Bones of last End-User domain buyer found in Missouri
In what appears to be a sad discovery, the entire skeleton of the last surviving sample of Domainus Terminus – or “end user domain buyer” – has been recovered inside an old well in Hicksville, Missouri.
Known for their nomadic lifestyle, large families of the Domainus Terminus species occupied most of the Great Plains of Midwest America until the mid 2000′s – often traveling as south as Florida in search of investment food.
Ostensibly avoiding the big conferences where domainers gathered in order to peddle their wares and boast about capturing a live sample of the Domainus Terminus, this species is now extinct.
Domainus Terminus represents the ultimate dream of every domainer.

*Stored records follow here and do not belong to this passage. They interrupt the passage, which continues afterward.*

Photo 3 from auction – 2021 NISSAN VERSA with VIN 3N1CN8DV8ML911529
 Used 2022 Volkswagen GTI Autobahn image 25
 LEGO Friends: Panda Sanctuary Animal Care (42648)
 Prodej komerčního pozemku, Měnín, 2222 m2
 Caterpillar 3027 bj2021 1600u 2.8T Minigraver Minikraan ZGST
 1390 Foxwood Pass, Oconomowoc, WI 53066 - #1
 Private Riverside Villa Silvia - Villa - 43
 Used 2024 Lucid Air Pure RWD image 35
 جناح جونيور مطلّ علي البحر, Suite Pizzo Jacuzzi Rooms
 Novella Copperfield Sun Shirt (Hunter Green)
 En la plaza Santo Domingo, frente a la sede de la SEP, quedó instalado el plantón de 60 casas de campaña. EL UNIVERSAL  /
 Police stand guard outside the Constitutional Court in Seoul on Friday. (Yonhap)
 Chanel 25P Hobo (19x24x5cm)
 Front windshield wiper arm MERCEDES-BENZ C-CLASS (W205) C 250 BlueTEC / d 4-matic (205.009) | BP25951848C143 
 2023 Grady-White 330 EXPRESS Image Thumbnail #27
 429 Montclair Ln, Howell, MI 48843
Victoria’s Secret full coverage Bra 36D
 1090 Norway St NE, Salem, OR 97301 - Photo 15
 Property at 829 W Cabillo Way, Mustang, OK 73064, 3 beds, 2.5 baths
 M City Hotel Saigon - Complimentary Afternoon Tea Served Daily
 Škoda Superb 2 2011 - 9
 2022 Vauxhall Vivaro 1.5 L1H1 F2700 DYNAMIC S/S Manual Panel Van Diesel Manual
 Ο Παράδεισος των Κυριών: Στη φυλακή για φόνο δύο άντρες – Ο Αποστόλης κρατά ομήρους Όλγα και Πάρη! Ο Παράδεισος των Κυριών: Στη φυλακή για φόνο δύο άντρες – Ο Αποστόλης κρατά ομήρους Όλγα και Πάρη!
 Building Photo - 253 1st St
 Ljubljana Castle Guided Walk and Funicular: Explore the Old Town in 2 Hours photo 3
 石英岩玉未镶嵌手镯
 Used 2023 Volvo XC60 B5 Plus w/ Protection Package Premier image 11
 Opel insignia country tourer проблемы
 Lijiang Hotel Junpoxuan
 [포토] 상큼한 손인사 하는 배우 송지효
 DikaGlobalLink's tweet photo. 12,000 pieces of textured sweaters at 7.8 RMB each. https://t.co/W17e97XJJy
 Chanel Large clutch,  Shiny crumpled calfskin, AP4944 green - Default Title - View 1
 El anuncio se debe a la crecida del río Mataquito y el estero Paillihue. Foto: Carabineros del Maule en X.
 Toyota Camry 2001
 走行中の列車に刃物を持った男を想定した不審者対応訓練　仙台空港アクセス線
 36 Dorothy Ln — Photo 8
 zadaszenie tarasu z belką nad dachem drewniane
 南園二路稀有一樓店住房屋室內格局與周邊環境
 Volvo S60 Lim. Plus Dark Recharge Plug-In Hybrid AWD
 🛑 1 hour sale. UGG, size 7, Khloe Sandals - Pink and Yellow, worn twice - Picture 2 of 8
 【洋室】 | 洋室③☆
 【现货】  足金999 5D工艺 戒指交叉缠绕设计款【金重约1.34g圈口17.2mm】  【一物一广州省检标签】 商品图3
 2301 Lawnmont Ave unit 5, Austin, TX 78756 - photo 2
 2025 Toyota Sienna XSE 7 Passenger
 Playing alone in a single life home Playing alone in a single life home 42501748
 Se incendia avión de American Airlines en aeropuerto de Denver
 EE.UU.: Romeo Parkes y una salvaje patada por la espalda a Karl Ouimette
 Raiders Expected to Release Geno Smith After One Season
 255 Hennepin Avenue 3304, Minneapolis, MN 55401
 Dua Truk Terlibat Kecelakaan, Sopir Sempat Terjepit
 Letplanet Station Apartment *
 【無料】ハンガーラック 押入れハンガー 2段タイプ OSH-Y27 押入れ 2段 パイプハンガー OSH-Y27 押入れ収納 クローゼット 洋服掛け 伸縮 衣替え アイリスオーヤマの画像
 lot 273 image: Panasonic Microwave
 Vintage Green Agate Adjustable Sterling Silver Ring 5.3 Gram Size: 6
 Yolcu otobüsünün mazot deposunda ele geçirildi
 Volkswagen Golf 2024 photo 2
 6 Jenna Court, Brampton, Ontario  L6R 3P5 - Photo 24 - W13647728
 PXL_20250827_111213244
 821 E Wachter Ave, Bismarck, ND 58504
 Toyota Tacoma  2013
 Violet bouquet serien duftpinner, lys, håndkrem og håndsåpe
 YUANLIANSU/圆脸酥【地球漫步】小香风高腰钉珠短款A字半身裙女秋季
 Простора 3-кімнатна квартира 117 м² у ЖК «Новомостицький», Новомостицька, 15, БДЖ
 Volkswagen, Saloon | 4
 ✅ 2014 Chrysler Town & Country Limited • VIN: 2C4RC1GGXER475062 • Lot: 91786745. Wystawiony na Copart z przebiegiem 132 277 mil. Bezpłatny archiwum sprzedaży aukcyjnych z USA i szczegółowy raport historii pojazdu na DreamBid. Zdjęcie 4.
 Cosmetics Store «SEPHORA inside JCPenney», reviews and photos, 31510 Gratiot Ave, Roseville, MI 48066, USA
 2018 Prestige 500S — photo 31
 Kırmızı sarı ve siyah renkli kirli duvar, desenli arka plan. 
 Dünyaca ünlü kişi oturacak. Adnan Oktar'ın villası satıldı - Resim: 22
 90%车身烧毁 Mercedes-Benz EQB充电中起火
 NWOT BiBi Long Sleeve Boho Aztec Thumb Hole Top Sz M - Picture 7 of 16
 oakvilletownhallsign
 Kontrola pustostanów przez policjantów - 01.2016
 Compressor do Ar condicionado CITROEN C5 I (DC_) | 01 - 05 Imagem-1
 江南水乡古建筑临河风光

No live samples have been observed in the wild since 2005, although scientific publications such as DNJournal often present bits of information leading to the conclusion that the species survived in small groups until as late as 2008.
Nowadays, the cold climate of the economy prevents domainer explorers, entrepreneurs, minisite gold-diggers and other such snake oil salesmen to research the forests of North Carolina in search for footprints of Domainus Terminus and thus restore hope for surviving members of this species.
Meanwhile, the US Government has officially declared the species to be extinct, along with the dodo bird and virgin college students.
It will be a while before domain scientists will be able to clone the species and thus revive the extinct creature directly from its DNA. Until that happens, domainers will flock to domain conferences, trading their virtual property among themselves, fondly remembering Domainus Terminus and its contribution to the global forest economy.